Now I havn't included the Peanuts and Peanut butter as this is something that can vary a huge deal. So if you want to give me a better idea on what kind of peanuts your eating and a brand, and how much peanut butter your using it would be easier to estimate a calorie basis.

However based on macros not including peanuts and peabut butter your eating 1154 calories, give or take. I'm not sure exactly what your goals are or your weight/bf%/training regime, but it would seem to me your eating too little. If this is for a non workout day then I would still up your calories. With the additional fat factored in you could be looking at 1500 cals, which is better, but still need more information.

Let me know what your trying to achieve and I can offer further advice.

If your worried about where your carbs should be placed in your diet, I would guess your dieting. If so, focus carbs in the morning and around your workout.


----------



## GH1987 (Feb 3, 2010)

ha yeah, im defo a man... sorry dude can u move it for me please


----------



## GH1987 (Feb 3, 2010)

Im actually trying to bulk.. but as lean as poss.

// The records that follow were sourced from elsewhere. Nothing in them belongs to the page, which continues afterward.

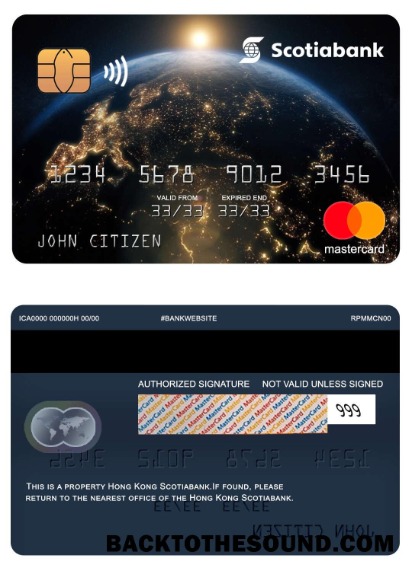 Λήψη Χονγκ Κονγκ Scotiabank Τράπεζα Mastercard Δείγμα σχεδιασμό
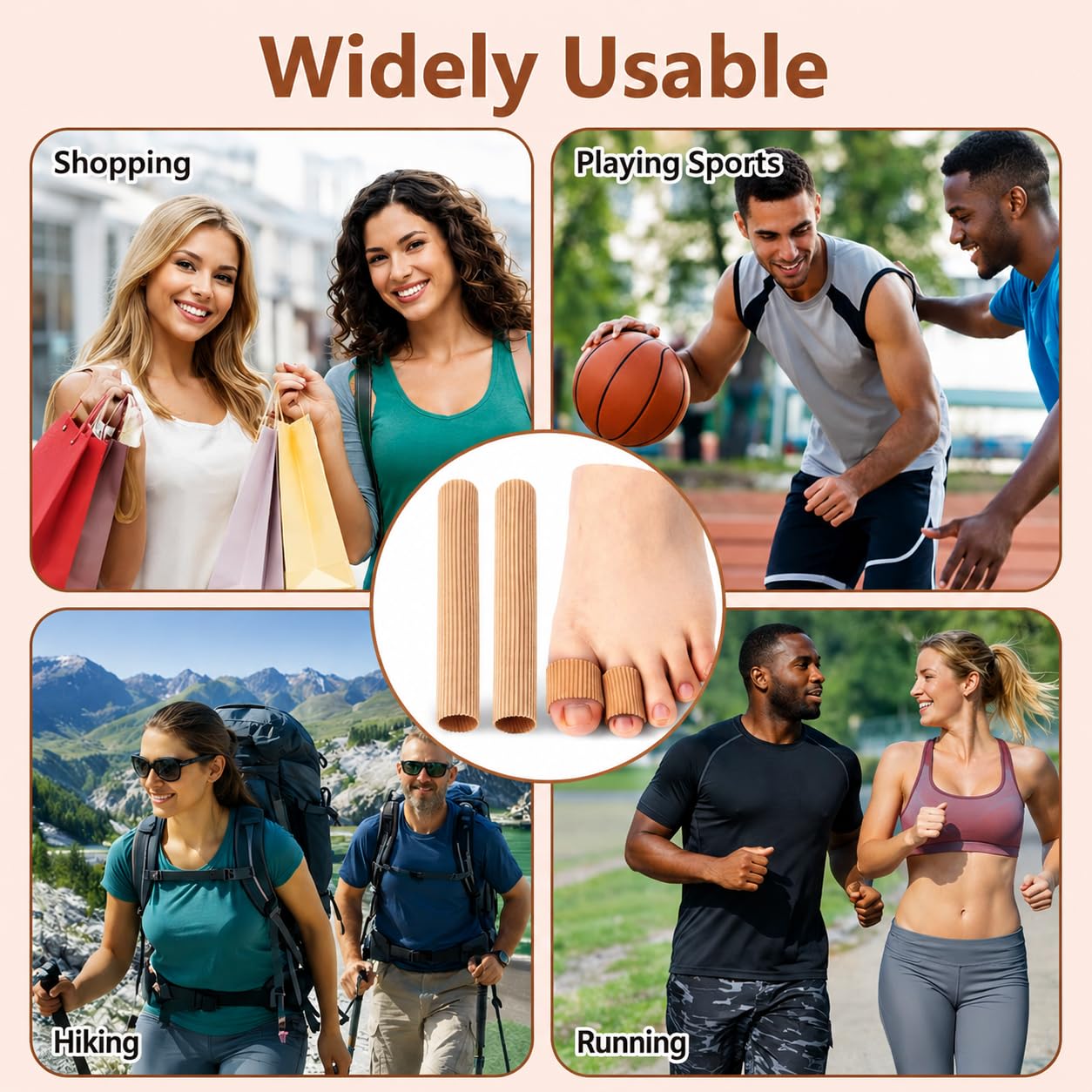Generisch Toe & Finger Sleeve – Anti-Friction Toe Protector Against Pressure & Rubbing – Protection for Corns & Calluses – Cut-to-Size – Sizes S/M/L – S&A Essentials (L Ø 2,5 cm, Länge 15 cm)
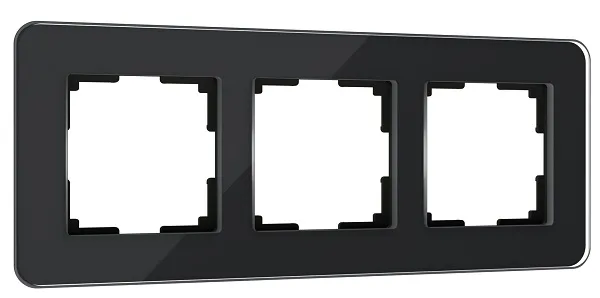 Рамка 3-я Черный (стекло) Elite WERKEL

Keep it with me and ill tot up my marcos per meal.

In regard to peanuts, i usually just grab a small handful, im going to start weighing them out.... The only thing is they are salted peanuts which im not over the moon about but there the only type of nut i can stomach unfortunatly.


----------



## Lewis1 (Nov 14, 2010)

GH1987 -

I'll tell you 'how to bulk. but as lean as poss' - if you tell me how to make an omelette without breaking eggs?

How do you expect to bulk when your on a calorie deficit?


----------



## hackskii (Jul 27, 2003)

Lewis1 said:


> GH1987 -
> 
> I'll tell you 'how to bulk. but as lean as poss' - if you tell me how to make an omelette without breaking eggs?
> 
> How do you expect to bulk when your on a calorie deficit?


With gear and slin:lol:


----------



## Tassotti (Feb 27, 2011)

Now about that omelette............


----------



## Barbell mafia (Jan 28, 2011)

plenty of fats in your diet !


----------